The house, I decide, as I move from room to room, is like a prim governess judging me disapprovingly for my baggy jeans and sweatshirt. It doesn’t help that several rooms are still unused, the air filled with dust and abandonment. God knows how long the place has been empty, but I make a mental note to get some paint samples as soon as possible. Light, bright colors will make a world of difference. Bring some joy to the place.
Along with the kitchen and sitting room that I’ve already seen, there’s a dining room, a drawing room, and another room that Freddie’s turned into a games room, as well as a smaller room that may have been a study since there’s a desk pushed up against the wall, maybe left by the previous occupants, and beyond there a downstairs toilet and a utility or storage room.
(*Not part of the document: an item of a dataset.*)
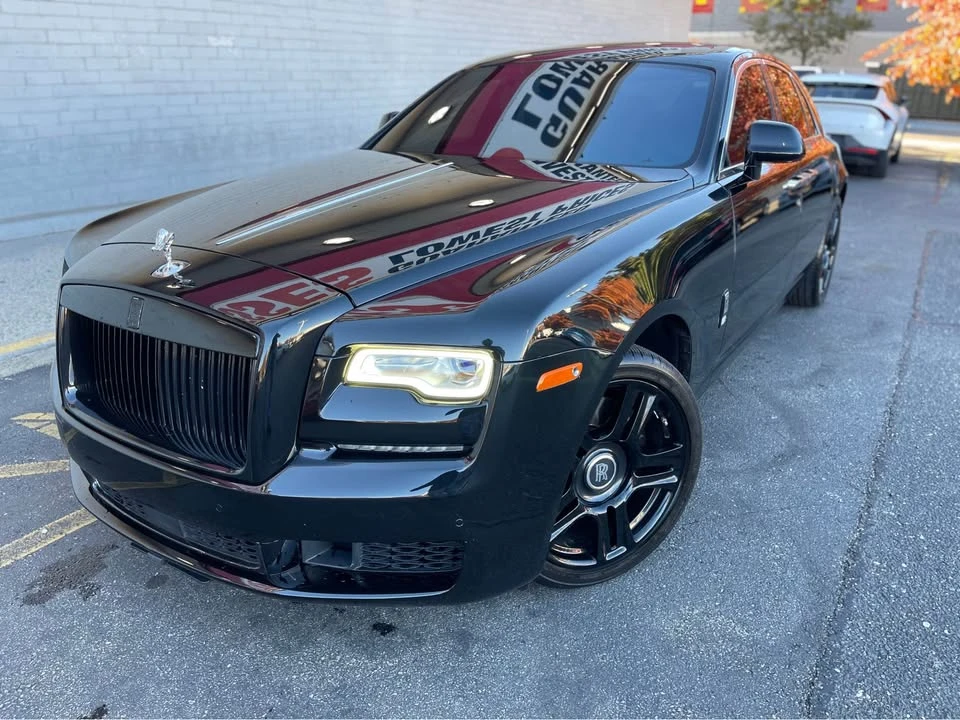 2020 Rolls-Royce Ghost 1st Gen - Image 2 of 16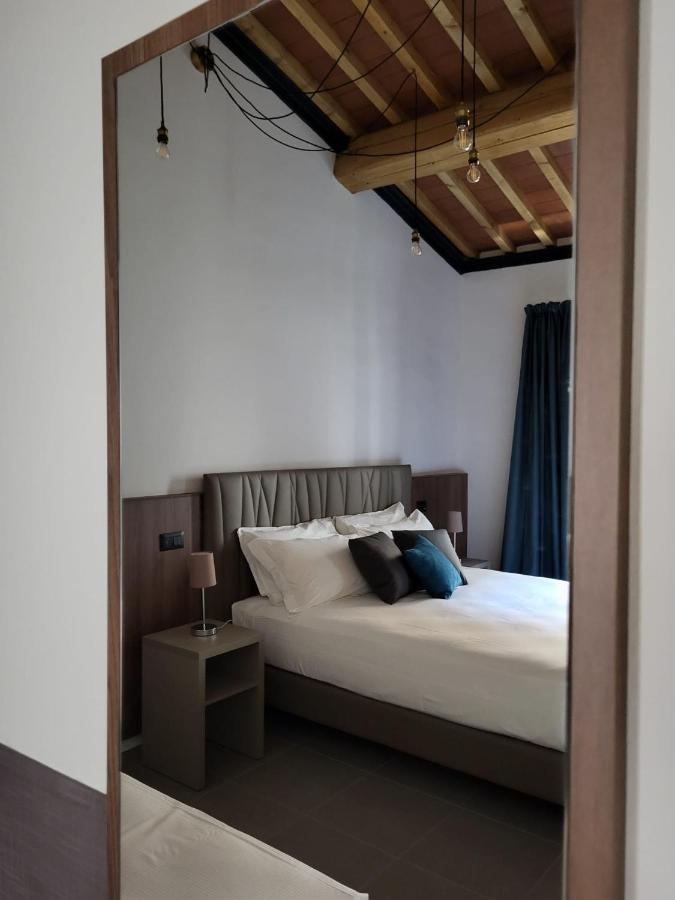 G&G Firenze Apartment Екстер'єр фото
Past the kitchen there’s a corridor leading to what must have once been tack and boot rooms. There’s no wooden floor in those, just uneven flagstone, freezing underfoot, and high, narrow windows that need a winder to open. They’re colder than the other rooms too, no pretense at heating, and I guess we could use them as a pantry or storage room.
I head back to the warmth of the central hallway, where I can hear Freddie whistling along to the radio as he cooks on the Aga. I’ve always wanted an Aga. I get a frisson of happiness at that, a hopeful moment that once I’m used to this house, it’ll be okay. I wish we’d moved in summer. I wish Larkin Lodge felt like it had looked in the photos. I wish I could stop being so ridiculous.
I climb the stairs to the middle floor, slowly and carefully, my right leg taking every step, the left following behind, and the creaking wood gives away my slow progress. No running up and down with no thought of danger for me. Maybe never again. One serious brush with death brings every danger into sharp focus. It changes a person. I grip the handrail tight and finally turn the corner.
From up here I can’t hear Freddie anymore, only the rattling of the landing window from a breeze outside, and I tighten up the lock to quiet it before continuing. Three double bedrooms and two bathrooms. The doors’ hinges creak as I push them open. The largest of the bedrooms is made up, the pink duvet cover a spark of brightness amid the dour, and has our things on the bedside tables, and in the nearest bathroom I find the beautiful roll-top bath I’d seen in the photos—which makes me happy because I’ve always wanted one of those too—and all our toiletries.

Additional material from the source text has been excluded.